Top of Data for the task
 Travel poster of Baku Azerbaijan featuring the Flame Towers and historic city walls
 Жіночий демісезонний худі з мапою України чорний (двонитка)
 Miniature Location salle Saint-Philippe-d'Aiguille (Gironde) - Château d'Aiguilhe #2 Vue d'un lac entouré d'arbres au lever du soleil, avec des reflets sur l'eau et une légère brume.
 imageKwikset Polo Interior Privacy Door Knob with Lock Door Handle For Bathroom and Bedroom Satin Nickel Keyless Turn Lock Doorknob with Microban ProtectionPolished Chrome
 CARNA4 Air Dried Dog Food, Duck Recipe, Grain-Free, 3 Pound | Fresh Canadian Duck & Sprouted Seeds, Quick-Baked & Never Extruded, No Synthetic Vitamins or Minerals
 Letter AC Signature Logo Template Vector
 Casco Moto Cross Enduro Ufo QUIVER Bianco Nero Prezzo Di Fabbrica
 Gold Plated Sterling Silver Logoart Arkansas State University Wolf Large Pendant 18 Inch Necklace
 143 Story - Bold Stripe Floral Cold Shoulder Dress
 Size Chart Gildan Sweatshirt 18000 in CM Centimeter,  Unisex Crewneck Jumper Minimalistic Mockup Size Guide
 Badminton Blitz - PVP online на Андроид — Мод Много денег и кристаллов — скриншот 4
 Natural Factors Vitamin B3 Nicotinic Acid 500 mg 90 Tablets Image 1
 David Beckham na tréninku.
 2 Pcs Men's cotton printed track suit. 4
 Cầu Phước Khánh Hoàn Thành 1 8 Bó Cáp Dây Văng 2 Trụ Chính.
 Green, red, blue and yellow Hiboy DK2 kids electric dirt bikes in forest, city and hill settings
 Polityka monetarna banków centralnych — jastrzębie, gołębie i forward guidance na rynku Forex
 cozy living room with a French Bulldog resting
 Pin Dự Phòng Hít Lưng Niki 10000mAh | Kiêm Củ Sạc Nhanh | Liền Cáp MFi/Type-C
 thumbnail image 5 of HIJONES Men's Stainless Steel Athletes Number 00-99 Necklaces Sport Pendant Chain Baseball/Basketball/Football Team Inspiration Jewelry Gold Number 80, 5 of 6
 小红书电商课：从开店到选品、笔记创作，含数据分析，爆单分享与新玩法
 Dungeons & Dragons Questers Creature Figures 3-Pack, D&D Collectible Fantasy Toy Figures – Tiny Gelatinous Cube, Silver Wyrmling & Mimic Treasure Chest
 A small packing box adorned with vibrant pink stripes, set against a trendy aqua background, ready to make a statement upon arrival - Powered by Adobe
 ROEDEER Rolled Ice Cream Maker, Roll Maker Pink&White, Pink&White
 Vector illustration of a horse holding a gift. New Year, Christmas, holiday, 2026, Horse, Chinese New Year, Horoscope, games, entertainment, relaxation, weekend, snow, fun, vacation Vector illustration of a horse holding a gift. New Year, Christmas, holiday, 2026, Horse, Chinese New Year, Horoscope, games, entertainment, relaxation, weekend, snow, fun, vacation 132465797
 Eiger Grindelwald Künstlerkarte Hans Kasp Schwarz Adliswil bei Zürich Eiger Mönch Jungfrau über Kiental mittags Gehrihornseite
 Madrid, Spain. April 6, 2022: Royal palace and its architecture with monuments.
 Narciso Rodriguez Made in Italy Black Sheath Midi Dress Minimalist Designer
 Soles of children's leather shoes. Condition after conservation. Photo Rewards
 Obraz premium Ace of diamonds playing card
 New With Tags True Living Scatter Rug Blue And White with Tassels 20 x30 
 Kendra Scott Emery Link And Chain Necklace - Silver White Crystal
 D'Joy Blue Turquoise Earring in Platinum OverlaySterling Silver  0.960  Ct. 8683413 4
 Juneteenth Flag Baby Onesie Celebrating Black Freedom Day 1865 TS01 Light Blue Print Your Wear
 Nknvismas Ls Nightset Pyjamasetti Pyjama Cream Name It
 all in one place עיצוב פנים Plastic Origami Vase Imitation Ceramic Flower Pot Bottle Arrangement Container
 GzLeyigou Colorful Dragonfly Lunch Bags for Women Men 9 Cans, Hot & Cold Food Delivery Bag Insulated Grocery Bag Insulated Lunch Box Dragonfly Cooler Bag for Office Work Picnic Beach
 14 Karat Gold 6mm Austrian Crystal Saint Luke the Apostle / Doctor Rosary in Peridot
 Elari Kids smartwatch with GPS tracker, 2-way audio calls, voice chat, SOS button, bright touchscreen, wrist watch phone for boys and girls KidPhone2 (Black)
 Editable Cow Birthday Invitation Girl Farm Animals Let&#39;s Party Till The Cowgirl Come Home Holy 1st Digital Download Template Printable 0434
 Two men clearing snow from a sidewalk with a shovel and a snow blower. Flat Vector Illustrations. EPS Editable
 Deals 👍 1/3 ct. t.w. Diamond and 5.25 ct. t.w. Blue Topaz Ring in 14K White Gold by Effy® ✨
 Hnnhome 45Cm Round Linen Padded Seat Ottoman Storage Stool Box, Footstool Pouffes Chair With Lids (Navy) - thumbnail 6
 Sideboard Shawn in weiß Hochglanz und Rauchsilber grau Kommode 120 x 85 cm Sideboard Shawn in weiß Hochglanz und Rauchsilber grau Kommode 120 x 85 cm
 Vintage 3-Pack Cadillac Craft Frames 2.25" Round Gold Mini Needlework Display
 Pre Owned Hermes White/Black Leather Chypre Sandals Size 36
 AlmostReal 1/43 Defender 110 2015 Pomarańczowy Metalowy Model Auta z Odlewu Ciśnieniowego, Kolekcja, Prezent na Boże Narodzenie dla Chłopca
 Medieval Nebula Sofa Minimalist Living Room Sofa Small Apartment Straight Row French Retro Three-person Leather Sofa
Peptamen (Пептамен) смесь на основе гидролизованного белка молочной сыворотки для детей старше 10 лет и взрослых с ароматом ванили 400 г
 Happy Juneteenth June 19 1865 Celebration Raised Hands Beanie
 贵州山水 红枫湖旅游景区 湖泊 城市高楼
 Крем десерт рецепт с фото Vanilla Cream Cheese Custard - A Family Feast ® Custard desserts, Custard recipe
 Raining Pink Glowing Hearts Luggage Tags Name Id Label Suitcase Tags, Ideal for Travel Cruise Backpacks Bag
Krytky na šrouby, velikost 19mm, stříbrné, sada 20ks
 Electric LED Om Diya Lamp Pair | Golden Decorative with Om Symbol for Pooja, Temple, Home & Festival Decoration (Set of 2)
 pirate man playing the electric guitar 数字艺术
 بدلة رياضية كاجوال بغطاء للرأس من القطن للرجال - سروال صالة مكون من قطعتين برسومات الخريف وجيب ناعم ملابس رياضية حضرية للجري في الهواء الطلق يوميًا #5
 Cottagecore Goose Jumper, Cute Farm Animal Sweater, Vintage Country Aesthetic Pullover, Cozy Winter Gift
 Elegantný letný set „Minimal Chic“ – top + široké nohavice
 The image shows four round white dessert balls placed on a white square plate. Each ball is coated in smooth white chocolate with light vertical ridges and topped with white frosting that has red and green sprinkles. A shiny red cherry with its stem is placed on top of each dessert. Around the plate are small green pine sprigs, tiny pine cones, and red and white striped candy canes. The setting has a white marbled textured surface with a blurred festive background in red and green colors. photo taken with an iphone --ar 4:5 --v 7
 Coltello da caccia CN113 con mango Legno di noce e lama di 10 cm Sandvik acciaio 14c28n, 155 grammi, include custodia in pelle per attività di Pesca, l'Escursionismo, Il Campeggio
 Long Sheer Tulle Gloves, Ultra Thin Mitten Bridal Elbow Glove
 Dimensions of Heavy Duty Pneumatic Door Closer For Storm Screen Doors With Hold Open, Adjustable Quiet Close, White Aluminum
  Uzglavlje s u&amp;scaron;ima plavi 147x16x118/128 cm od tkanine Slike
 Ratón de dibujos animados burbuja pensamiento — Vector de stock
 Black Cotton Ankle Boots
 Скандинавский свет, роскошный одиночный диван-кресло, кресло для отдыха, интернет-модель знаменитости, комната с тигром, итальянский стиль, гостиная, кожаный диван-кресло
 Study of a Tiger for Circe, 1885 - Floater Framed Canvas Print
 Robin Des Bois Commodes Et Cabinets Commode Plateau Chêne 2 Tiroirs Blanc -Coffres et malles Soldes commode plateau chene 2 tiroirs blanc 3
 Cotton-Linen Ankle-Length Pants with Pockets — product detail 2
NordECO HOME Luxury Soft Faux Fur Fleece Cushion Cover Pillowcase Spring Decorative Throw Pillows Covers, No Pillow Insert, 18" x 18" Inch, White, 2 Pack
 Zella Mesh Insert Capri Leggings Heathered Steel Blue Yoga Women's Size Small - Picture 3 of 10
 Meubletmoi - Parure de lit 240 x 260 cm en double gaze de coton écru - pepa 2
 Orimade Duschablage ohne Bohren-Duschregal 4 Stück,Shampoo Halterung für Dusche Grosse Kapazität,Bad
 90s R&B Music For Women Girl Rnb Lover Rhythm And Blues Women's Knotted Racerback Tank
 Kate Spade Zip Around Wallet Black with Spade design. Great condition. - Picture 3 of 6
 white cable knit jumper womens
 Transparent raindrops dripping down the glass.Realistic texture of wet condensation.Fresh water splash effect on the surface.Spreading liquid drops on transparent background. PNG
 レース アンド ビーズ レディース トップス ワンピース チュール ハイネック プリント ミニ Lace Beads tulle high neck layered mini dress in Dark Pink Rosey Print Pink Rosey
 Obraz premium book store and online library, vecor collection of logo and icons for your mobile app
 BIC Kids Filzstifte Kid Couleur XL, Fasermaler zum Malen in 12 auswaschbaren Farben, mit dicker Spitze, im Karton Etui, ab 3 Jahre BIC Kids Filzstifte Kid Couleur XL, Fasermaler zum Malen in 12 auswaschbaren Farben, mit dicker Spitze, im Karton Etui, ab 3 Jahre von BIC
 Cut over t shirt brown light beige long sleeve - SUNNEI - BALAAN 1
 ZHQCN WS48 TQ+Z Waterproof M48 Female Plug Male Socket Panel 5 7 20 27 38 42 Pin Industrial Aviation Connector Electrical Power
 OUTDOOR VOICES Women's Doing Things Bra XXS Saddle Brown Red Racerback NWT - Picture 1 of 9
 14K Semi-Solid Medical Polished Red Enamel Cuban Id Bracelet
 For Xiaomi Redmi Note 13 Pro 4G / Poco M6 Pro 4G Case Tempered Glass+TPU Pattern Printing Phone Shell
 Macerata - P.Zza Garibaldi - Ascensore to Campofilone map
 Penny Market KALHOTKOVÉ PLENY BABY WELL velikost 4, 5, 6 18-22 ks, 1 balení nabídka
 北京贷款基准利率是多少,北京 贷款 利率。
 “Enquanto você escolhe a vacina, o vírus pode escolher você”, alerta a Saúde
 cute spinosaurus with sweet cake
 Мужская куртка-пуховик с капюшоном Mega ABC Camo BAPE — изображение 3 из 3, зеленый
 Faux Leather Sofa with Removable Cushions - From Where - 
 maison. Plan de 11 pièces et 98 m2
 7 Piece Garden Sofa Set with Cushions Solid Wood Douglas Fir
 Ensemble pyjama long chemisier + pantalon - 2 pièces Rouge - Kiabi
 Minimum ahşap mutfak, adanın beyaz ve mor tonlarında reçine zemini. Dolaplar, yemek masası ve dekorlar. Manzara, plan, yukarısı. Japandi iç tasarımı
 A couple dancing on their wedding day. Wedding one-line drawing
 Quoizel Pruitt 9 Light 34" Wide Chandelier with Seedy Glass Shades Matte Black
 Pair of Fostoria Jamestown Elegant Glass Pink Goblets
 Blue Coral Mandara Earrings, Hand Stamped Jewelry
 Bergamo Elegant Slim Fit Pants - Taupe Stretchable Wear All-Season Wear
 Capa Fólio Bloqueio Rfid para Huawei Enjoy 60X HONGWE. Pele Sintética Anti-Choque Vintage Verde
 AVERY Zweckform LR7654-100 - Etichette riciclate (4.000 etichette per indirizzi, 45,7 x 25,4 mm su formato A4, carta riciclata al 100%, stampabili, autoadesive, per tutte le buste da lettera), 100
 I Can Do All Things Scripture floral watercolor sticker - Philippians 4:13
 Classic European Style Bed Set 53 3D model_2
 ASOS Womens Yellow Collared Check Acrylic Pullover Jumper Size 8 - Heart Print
Bottom of Data for the task
### Task details
Reproduce each line of the records in which the string "Fresh" appears.

### Response to this task
 CARNA4 Air Dried Dog Food, Duck Recipe, Grain-Free, 3 Pound | Fresh Canadian Duck & Sprouted Seeds, Quick-Baked & Never Extruded, No Synthetic Vitamins or Minerals
 Transparent raindrops dripping down the glass.Realistic texture of wet condensation.Fresh water splash effect on the surface.Spreading liquid drops on transparent background. PNG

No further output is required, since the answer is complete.